**Work instructions**
All records below are to be repeated precisely, with nothing added.

Data listing START

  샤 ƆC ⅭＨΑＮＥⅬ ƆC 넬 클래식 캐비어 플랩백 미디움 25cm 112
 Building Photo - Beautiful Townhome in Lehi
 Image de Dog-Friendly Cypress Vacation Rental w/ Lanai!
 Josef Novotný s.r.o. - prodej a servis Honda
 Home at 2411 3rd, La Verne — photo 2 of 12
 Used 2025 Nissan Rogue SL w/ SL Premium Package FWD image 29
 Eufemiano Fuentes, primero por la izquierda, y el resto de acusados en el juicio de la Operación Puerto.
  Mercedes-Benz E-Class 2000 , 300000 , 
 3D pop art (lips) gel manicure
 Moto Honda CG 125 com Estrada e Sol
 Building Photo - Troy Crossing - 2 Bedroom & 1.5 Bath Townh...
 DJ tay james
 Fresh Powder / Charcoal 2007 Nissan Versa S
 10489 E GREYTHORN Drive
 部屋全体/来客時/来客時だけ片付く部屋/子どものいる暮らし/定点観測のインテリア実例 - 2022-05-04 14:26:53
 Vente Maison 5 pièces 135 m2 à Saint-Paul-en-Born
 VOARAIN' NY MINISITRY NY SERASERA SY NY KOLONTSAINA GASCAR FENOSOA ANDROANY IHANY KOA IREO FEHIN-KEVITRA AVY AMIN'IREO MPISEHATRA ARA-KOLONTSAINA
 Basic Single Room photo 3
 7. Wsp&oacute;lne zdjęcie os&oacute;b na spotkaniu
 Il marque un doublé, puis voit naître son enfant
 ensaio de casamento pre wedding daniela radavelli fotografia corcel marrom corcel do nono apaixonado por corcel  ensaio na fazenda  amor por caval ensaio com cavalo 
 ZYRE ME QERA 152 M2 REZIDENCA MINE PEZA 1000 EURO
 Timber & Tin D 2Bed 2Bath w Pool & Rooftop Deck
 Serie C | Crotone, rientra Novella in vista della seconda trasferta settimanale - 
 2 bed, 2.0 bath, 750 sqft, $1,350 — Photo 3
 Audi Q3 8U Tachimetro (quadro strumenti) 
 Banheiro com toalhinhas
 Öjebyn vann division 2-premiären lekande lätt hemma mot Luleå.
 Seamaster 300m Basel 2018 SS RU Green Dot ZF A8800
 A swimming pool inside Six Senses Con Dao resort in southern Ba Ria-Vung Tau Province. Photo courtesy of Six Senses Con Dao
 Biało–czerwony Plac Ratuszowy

Data listing END

**Written solution**
  샤 ƆC ⅭＨΑＮＥⅬ ƆC 넬 클래식 캐비어 플랩백 미디움 25cm 112
 Building Photo - Beautiful Townhome in Lehi
 Image de Dog-Friendly Cypress Vacation Rental w/ Lanai!
 Josef Novotný s.r.o. - prodej a servis Honda
 Home at 2411 3rd, La Verne — photo 2 of 12
 Used 2025 Nissan Rogue SL w/ SL Premium Package FWD image 29
 Eufemiano Fuentes, primero por la izquierda, y el resto de acusados en el juicio de la Operación Puerto.
  Mercedes-Benz E-Class 2000 , 300000 , 
 3D pop art (lips) gel manicure
 Moto Honda CG 125 com Estrada e Sol
 Building Photo - Troy Crossing - 2 Bedroom & 1.5 Bath Townh...
 DJ tay james
 Fresh Powder / Charcoal 2007 Nissan Versa S
 10489 E GREYTHORN Drive
 部屋全体/来客時/来客時だけ片付く部屋/子どものいる暮らし/定点観測のインテリア実例 - 2022-05-04 14:26:53
 Vente Maison 5 pièces 135 m2 à Saint-Paul-en-Born
 VOARAIN' NY MINISITRY NY SERASERA SY NY KOLONTSAINA GASCAR FENOSOA ANDROANY IHANY KOA IREO FEHIN-KEVITRA AVY AMIN'IREO MPISEHATRA ARA-KOLONTSAINA
 Basic Single Room photo 3
 7. Wsp&oacute;lne zdjęcie os&oacute;b na spotkaniu
 Il marque un doublé, puis voit naître son enfant
 ensaio de casamento pre wedding daniela radavelli fotografia corcel marrom corcel do nono apaixonado por corcel  ensaio na fazenda  amor por caval ensaio com cavalo 
 ZYRE ME QERA 152 M2 REZIDENCA MINE PEZA 1000 EURO
 Timber & Tin D 2Bed 2Bath w Pool & Rooftop Deck
 Serie C | Crotone, rientra Novella in vista della seconda trasferta settimanale - 
 2 bed, 2.0 bath, 750 sqft, $1,350 — Photo 3
 Audi Q3 8U Tachimetro (quadro strumenti) 
 Banheiro com toalhinhas
 Öjebyn vann division 2-premiären lekande lätt hemma mot Luleå.
 Seamaster 300m Basel 2018 SS RU Green Dot ZF A8800
 A swimming pool inside Six Senses Con Dao resort in southern Ba Ria-Vung Tau Province. Photo courtesy of Six Senses Con Dao
 Biało–czerwony Plac Ratuszowy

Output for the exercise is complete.